In the reply, give back exactly the lines from the one with "增材制造與創(chuàng)" through the last line of the records, without pictures.

=-=-=-=-=

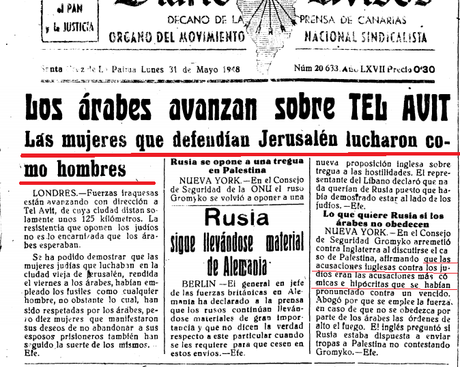 Las heroicas mujeres judías que lucharon contra el terror y la violencia antisionista Las heroicas mujeres judías que lucharon contra el terror y la violencia antisionista
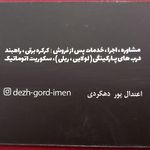 ریموت کنترل و درب اتوماتیک  دهکردی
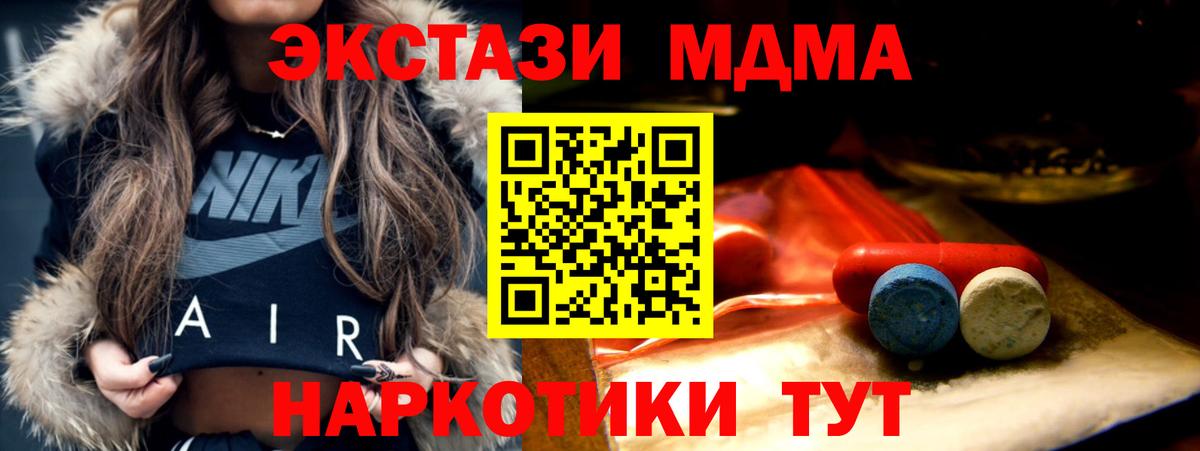 Экстази DUBAI  ЭКСТАЗИ 280 MDMA  Тихвин  ЭКСТАЗИ  Вход с VPN 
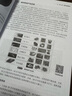 增材制造與創(chuàng)新設(shè)計(jì)：從概念到產(chǎn)品（王坤） 曬單實(shí)拍圖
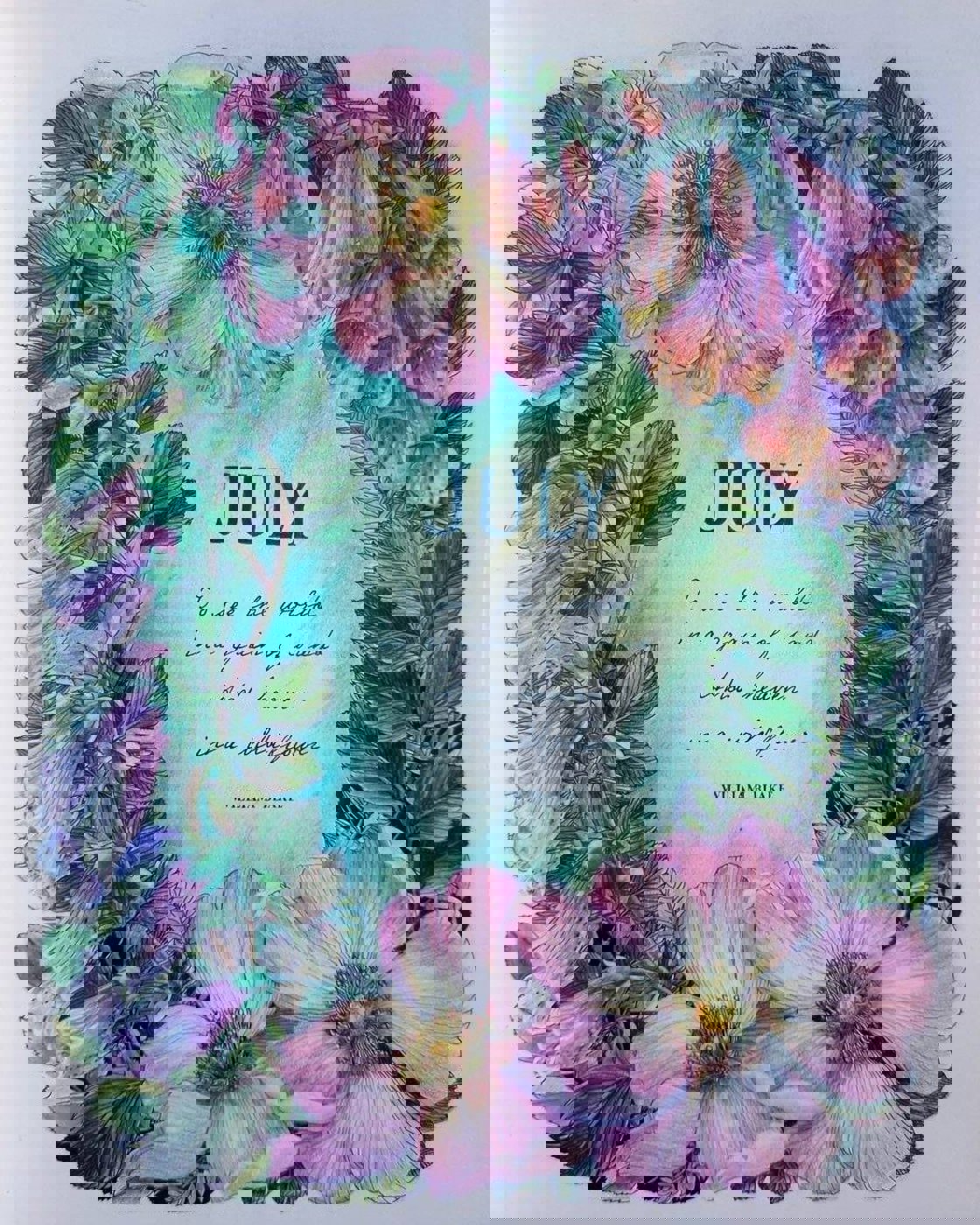 Работа от Александра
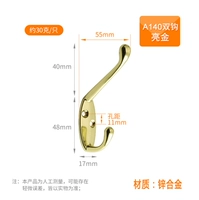 A14 Double Hook Liangjin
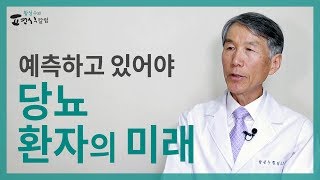 당뇨 환자의 미래, 당뇨가 있으면 나중에 어떻게 될까요?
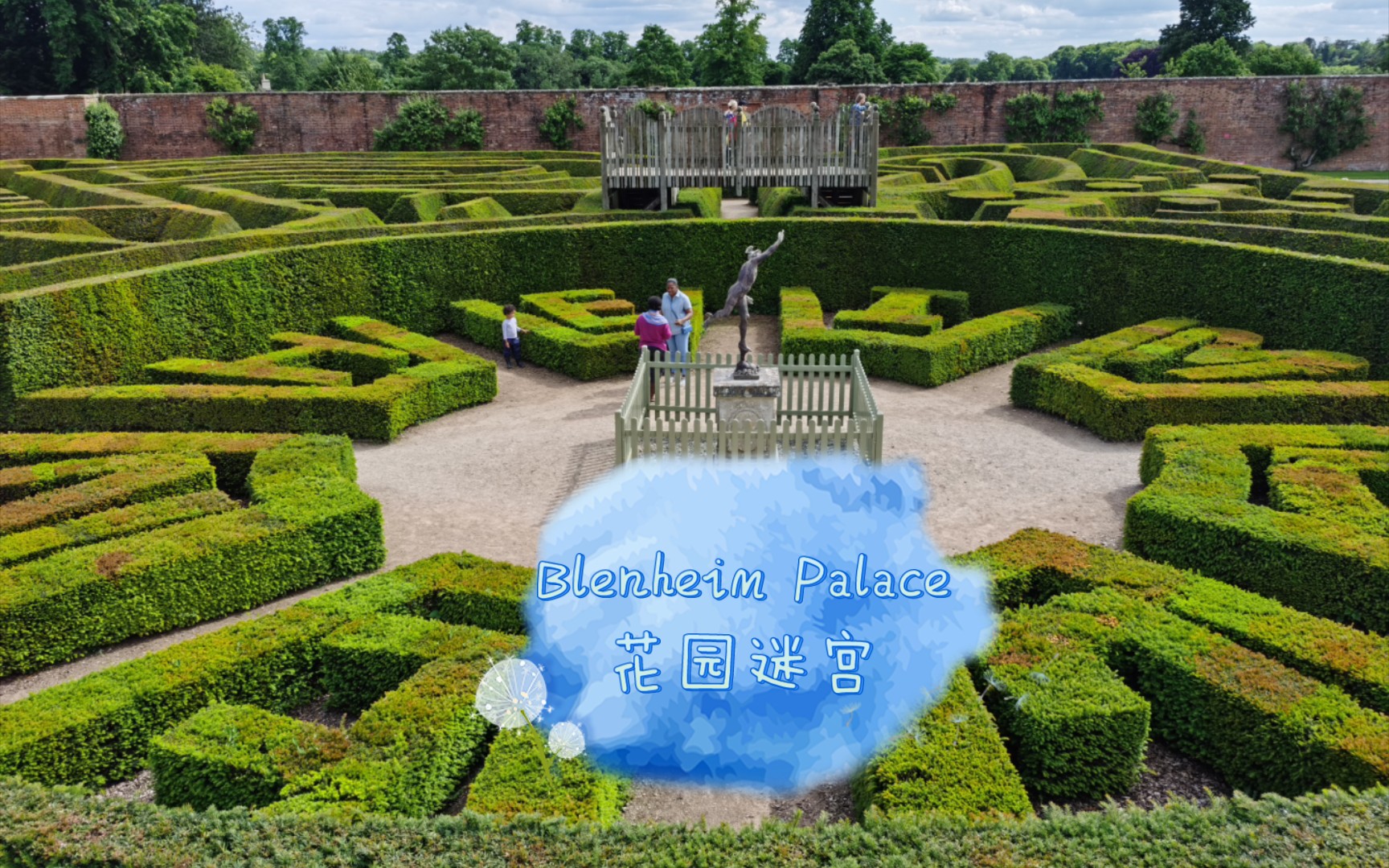 【沉浸式走迷宫】Blenheim Palace花园迷宫哔哩哔哩bilibili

=-=-=-=-=

Output of the task:
 增材制造與創(chuàng)新設(shè)計(jì)：從概念到產(chǎn)品（王坤） 曬單實(shí)拍圖
 Работа от Александра
 A14 Double Hook Liangjin
 당뇨 환자의 미래, 당뇨가 있으면 나중에 어떻게 될까요?
 【沉浸式走迷宫】Blenheim Palace花园迷宫哔哩哔哩bilibili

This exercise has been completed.